Recognizing this, the Jewish Agency is asking the Israeli government to shoulder a larger share of the financial burden of the immigrants’ transportation and initial absorption costs.

Last November, the Jewish Agency asked Diaspora communities to mount a three-year campaign to raise $600 million for the resettlement of Soviet Jews in Israel.

That amount was based on the Jewish Agency’s projected budget for immigration and absorption, which in turn had been formulated on expectations of 70,000 Soviet Jews entering Israel this year.

But those estimates were made last November. Now, at least 150,000 immigrants are expected to arrive during the next fiscal year.

“All of the numbers are outdated,” Norman Lipoff, chairman of the United Israel Appeal and the Jewish Agency Budget and Finance Committee, admitted Monday as he presented the agency’s projected budget for the next two fiscal years.

The discrepancy leaves a minimum of 80,000 Soviet Jewish olim financially unaccounted for in the Jewish Agency’s budget next year.

$250 MILLION IN UNPLANNED COSTS

Resettlement of each Soviet immigrant costs $3,300. That leaves the agency with at least $250 million in unplanned costs this year alone.

Mendel Kaplan, chairman of the Jewish Agency Board of Governors, told the Jewish Telegraphic Agency that negotiations are now under way between the agency and the government to have the government bear a larger part of immigration costs.

Currently, the Jewish Agency is paying the full price of transporting Jews from the Soviet Union; supporting the operation of absorption centers; and paying 50 percent of the costs of direct absorption, a scenario in which new immigrants move directly into subsidized apartments, rather than absorption centers.

Kaplan said that asking the government for relief is part of a three-pronged strategy to cover the funding gap. The other two moves, he said, will be stepped-up fund raising around the world and trimming the Jewish Agency’s budget.

Neither will be easy.

In the United States, the United Jewish Appeal is reluctant to enlarge its $420 million Operation Exodus goal. After failing to reach its $75 million Passage to Freedom mark last year, UJA is hoping to retain an Operation Exodus target that will allow it to achieve success.

But the Jewish Agency has received “voluntary additional amounts” from other countries, said Kaplan. Canada has raised its Operation Exodus goal from $75 million to $100 million.
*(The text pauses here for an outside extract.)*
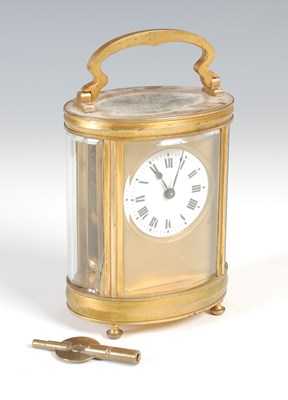 Lot 641 - A 20th century French style brass carriage...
To aid the resettlement effort, the Jewish Agency committed itself to finding $200 million from other portions of its budget for absorption needs. But so far, it has only managed to cut $100 million from other areas.

Therefore, even before the larger emigration numbers were factored in, the agency was expected to rack up a deficit of $100 million by the 1991-1992 fiscal year.

Diaspora leaders who have been pushing for years to streamline the entire Jewish Agency-World Zionist Organization enterprise are using this financial crisis as ammunition to push their efforts forward.

A MOVE TO ELIMINATE WZO?

The agency’s Budget and Finance Committee resolved in February that, in view of the present fiscal situation, there should be immediate “unification of certain activities and other efficiencies within the administrative, personnel and finance units of both the WZO and the Jewish Agency.”

It also called for a “review of possible merger of departments or changes in their areas of activity.”

One initiative to help slim down the Jewish Agency is the creation of a Joint Authority for Jewish-Zionist Education. Its purpose will be to bring the Jewish education programs of the Jewish Agency and the WZO under one budgetary and administrative umbrella.

Negotiations between the two organizations have been delicate. Many in the American Jewish community have commented privately that the Joint Authority could be the first step toward eliminating the WZO as an autonomous organization, since the WZO derives most of its identity from its official role of coordinating worldwide Jewish education efforts.

But WZO leaders involved in crafting the plan insist that is not the case.

“I really think it’s supposed to unify, eliminate duplication of efforts, streamline all the efforts in education and the youth programs under the education umbrella,” said Bernice Tannenbaum, head of the WZO-America Section and a member of the WZO Executive. “It does not mean taking control of the WZO,” she stressed.